-- WHAT NEEDS TO BE DONE --
Range to output from the entries below: the line containing "Next up I have" through the line containing "Welcome, everyone. I'm". Set it down exactly, ends included, nothing else.

━━ DATA FOR REVIEW

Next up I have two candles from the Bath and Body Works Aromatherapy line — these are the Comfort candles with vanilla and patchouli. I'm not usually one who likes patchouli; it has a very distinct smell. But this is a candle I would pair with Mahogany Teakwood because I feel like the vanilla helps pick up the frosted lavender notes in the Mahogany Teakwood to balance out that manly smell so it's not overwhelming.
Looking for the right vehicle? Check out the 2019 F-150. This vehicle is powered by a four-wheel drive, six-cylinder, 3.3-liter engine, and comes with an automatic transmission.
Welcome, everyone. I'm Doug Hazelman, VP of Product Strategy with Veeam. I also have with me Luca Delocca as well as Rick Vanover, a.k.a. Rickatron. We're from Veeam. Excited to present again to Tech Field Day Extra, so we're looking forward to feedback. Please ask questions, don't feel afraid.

━━━━
━━ DATA FOR REVIEW

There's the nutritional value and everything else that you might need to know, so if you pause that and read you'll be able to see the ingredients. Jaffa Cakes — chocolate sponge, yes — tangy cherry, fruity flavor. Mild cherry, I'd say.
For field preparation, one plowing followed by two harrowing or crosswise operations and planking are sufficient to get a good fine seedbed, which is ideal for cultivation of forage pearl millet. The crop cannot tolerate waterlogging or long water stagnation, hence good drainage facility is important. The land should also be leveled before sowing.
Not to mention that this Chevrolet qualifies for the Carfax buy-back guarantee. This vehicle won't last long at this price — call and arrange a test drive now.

━━━━
━━ DATA FOR REVIEW

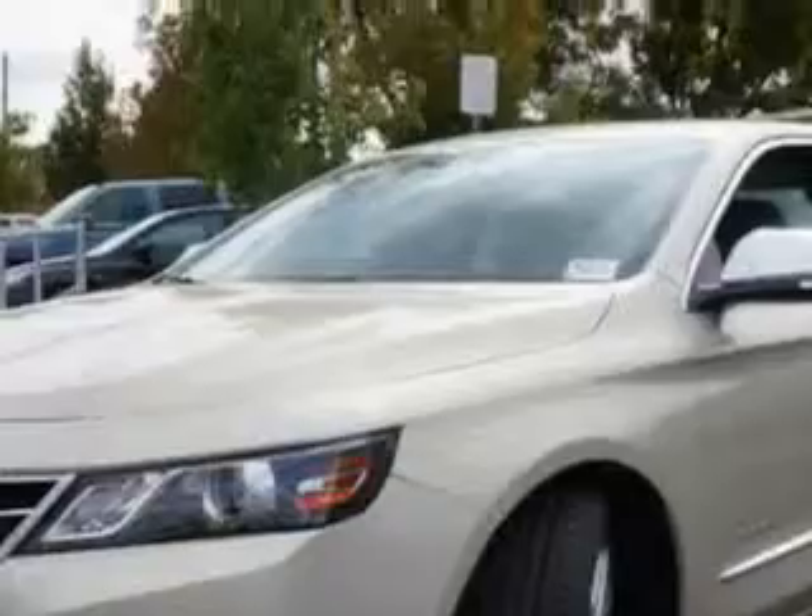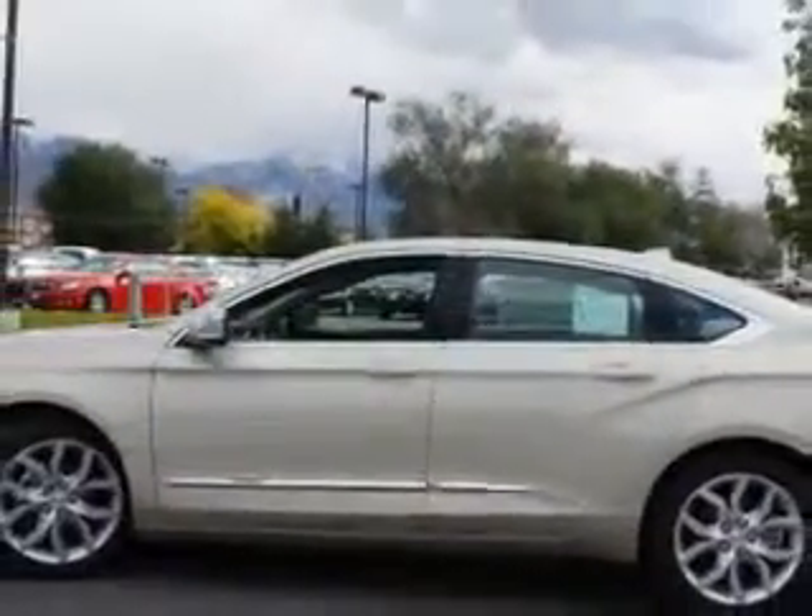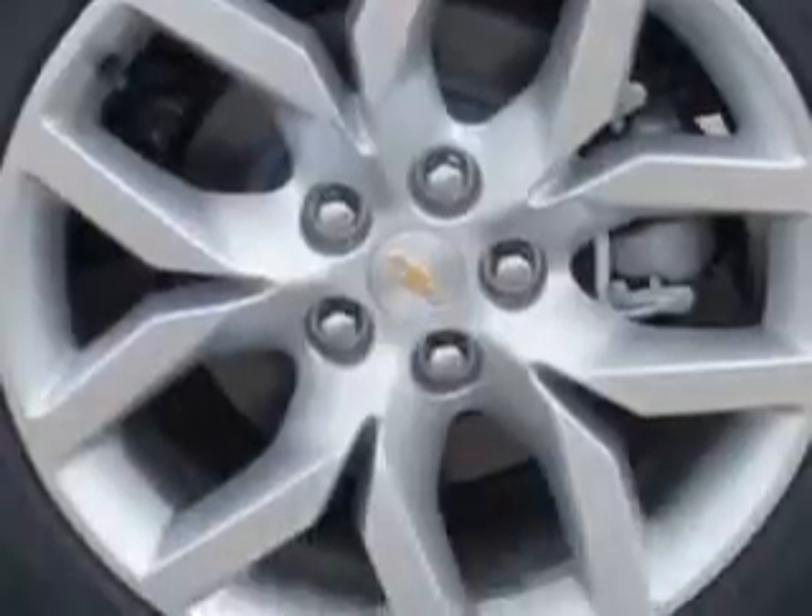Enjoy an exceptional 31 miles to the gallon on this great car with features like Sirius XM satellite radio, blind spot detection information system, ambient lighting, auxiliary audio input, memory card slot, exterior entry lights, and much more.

━━━━

-- EXERCISE RESPONSE --
Next up I have two candles from the Bath and Body Works Aromatherapy line — these are the Comfort candles with vanilla and patchouli. I'm not usually one who likes patchouli; it has a very distinct smell. But this is a candle I would pair with Mahogany Teakwood because I feel like the vanilla helps pick up the frosted lavender notes in the Mahogany Teakwood to balance out that manly smell so it's not overwhelming.
Looking for the right vehicle? Check out the 2019 F-150. This vehicle is powered by a four-wheel drive, six-cylinder, 3.3-liter engine, and comes with an automatic transmission.
Welcome, everyone. I'm Doug Hazelman, VP of Product Strategy with Veeam. I also have with me Luca Delocca as well as Rick Vanover, a.k.a. Rickatron. We're from Veeam. Excited to present again to Tech Field Day Extra, so we're looking forward to feedback. Please ask questions, don't feel afraid.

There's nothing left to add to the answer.